Most of the music on the Nigeria Special compilations avoids Fela-esque ranting. Bands like Popular Cooper & His All Beats Band, Dan Satch & His Atomic 8 Dance Band of Aba, and Bongos Ikwue & the Groovies didn't want to stop the party, let alone bring down the government. The superb liner notes by Cleret paint a portrait of a thriving polyglot city where everyone relentlessly craved new sounds and thrills.
Electric guitars dominate Nigerian music. But there's a huge distance between the lilting, almost Hawaiian slide and muted trumpet of Celestine Ukwu & His Philosophers National's "Okwukwe Na Nchekwube" (on Nigeria Special) and the scorched acid-rock soloing of the Hygrades' "In the Jungle" (on Nigeria Rock Special). Vocals run the gamut from call-and-response chanting in Dele Ojo & His Star Brothers Band's "Oja Omoba" to the garage-rock yowling of Joe King Kologbo & His Black Sound's "Another Man's Thing," which is sort of a mid-'70s Afro-punk prequel to "O.P.P."

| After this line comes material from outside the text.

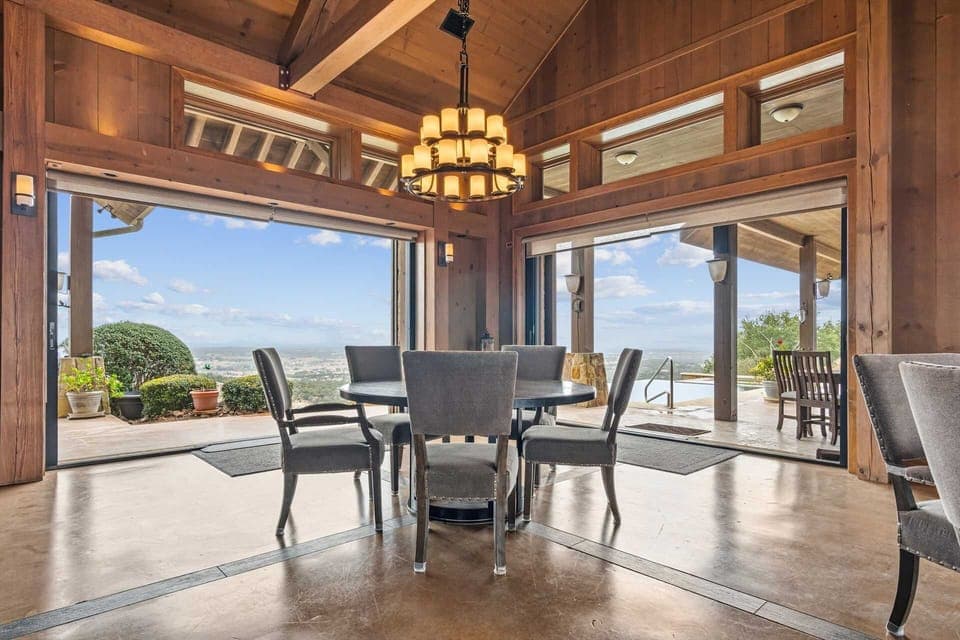This magnificent space features dramatic post-and-beam construction with wood-plank ceiling and a spectacular tiered chandelier. Massive sliding glass panels open to reveal a massive patio, infinity pool, and a breathtaking vista of the rolling hills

Cleret's favorite artist of the period is singer-guitarist Sir Victor Uwaifo, whose genteel voice and bluesy picking kinda make him the B.B. King of the Nigerian highlife style. His "Osalobua Rekpama" is one of the highlights on Nigeria Special.
"He's always been an enigma in Nigerian music, and I just find an extraordinary amount of joy in his music," says Cleret. "I've met the guy, and he's a wonderful bloke. He's the guy I can listen to over and over, more and more. That's what happens with music: Things shock and amaze you the first time you hear them, but the things that stand the test of time are the ones that shine, the more you put them on."
Only someone genuinely passionate about music would put in the time and effort that Cleret has. "You search around markets, you go to people's houses, you find old DJs, old producers, distributors, and piece together what you can from anybody that might have been working at the record companies at the time," he says. "It's real detective work."
More important, Cleret makes sure to officially license every recording he uses. Screwing artists out of their money isn't just something practiced by Western record companies; African labels do it too. "Quite often it's a case of [the company] actually telling musicians to go bang on the door and demand the money that they're owed," sighs Cleret. "It's a rotten old business."
In addition to the Nigeria Special albums, a fistful of other African-music compilations have been released since the turn of the millennium, including three excellent volumes of the Golden Afrique series, as well as Lagos Chop Up and two volumes of Nigeria 70.
With their psychedelic graphics and enthusiastic liner notes, these sets are aimed at a younger, hipper audience — not the genteel, middle-aged audience "world music" typically draws. "I was very aware that I was probably going to alienate [some] people by hitting them with some dance-floor funk and disco and heavy-rock guitars," says Cleret. "The so-called world-music crowd have always been slightly dubious of the funkier or rockier side of things.
"People are interested in music of all times and ages," he concludes. "They're always looking for something new and exciting. As the worlds of rock and funk and jazz and reggae start to dry up, people are looking for something new to excite them. Africa has a hell of a lot of surprises."